Task to carry out >>
Faithfully repeat each entry below, minus the pictures.

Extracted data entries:
--- --- ---

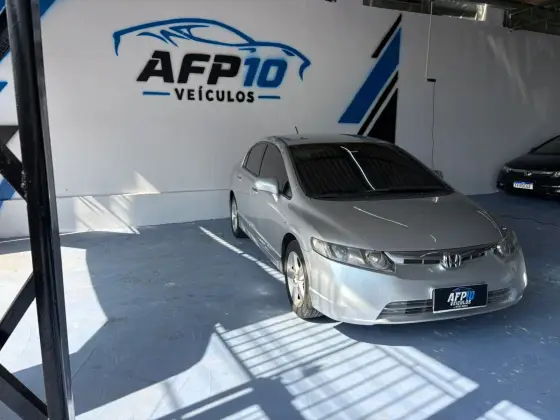 HONDA CIVIC 1.8 LXS 16V FLEX 4P AUTOMÁTICO
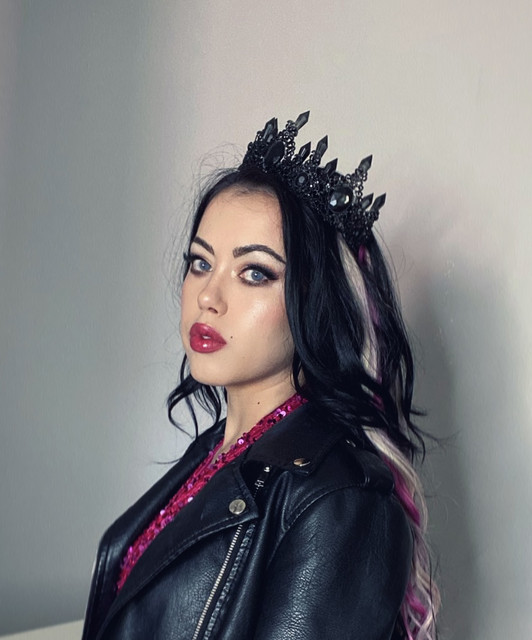 Kat DeLeone | Spotify
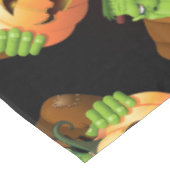 Frankenstein Monster Cartoon with Pumpkin Tischdecke (Schrägansicht)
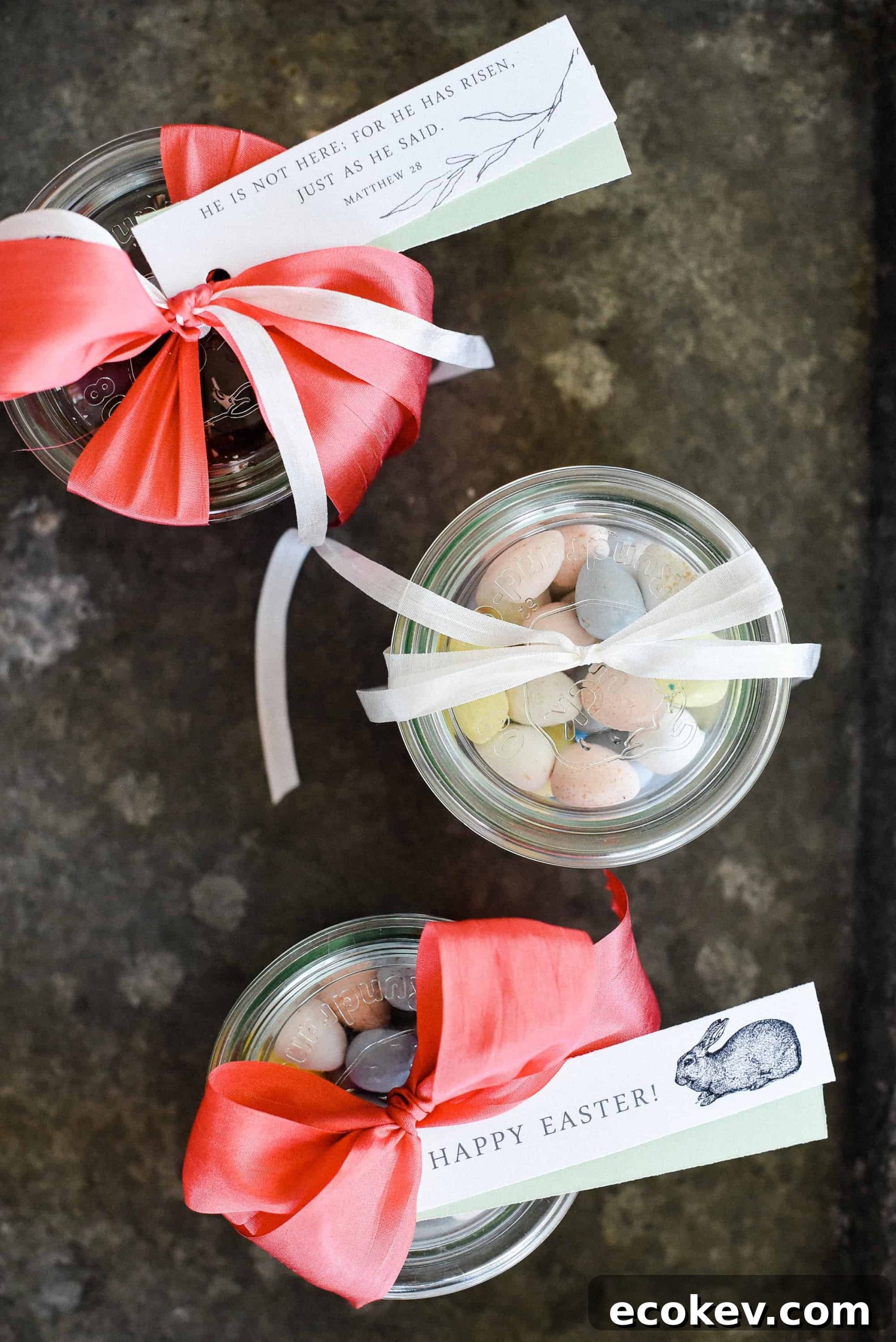 Easter treats are made even sweeter with these free printable gift tags! Make Easter bark and finish it off with printable gift tags! Plus scroll down for links to over 25 darling spring printables!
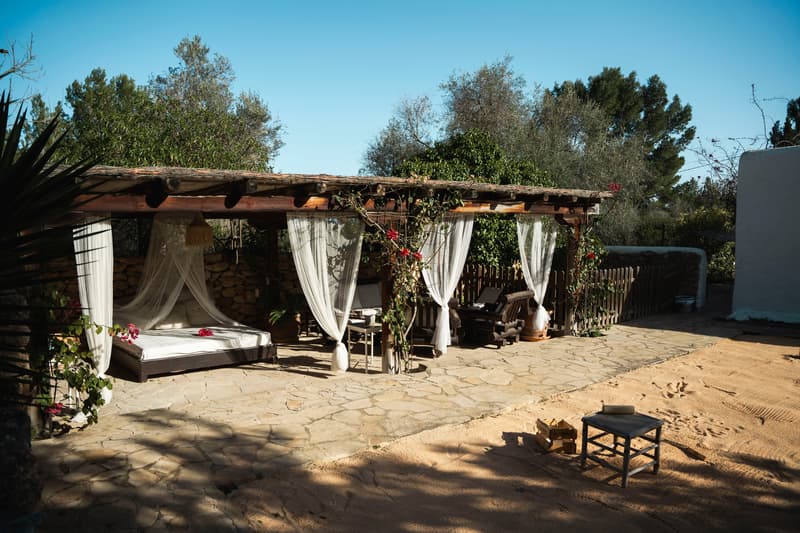 Pergola n2 vue densemble.jpg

--- --- ---

The completed task >>
 HONDA CIVIC 1.8 LXS 16V FLEX 4P AUTOMÁTICO
 Kat DeLeone | Spotify
 Frankenstein Monster Cartoon with Pumpkin Tischdecke (Schrägansicht)
 Easter treats are made even sweeter with these free printable gift tags! Make Easter bark and finish it off with printable gift tags! Plus scroll down for links to over 25 darling spring printables!
 Pergola n2 vue densemble.jpg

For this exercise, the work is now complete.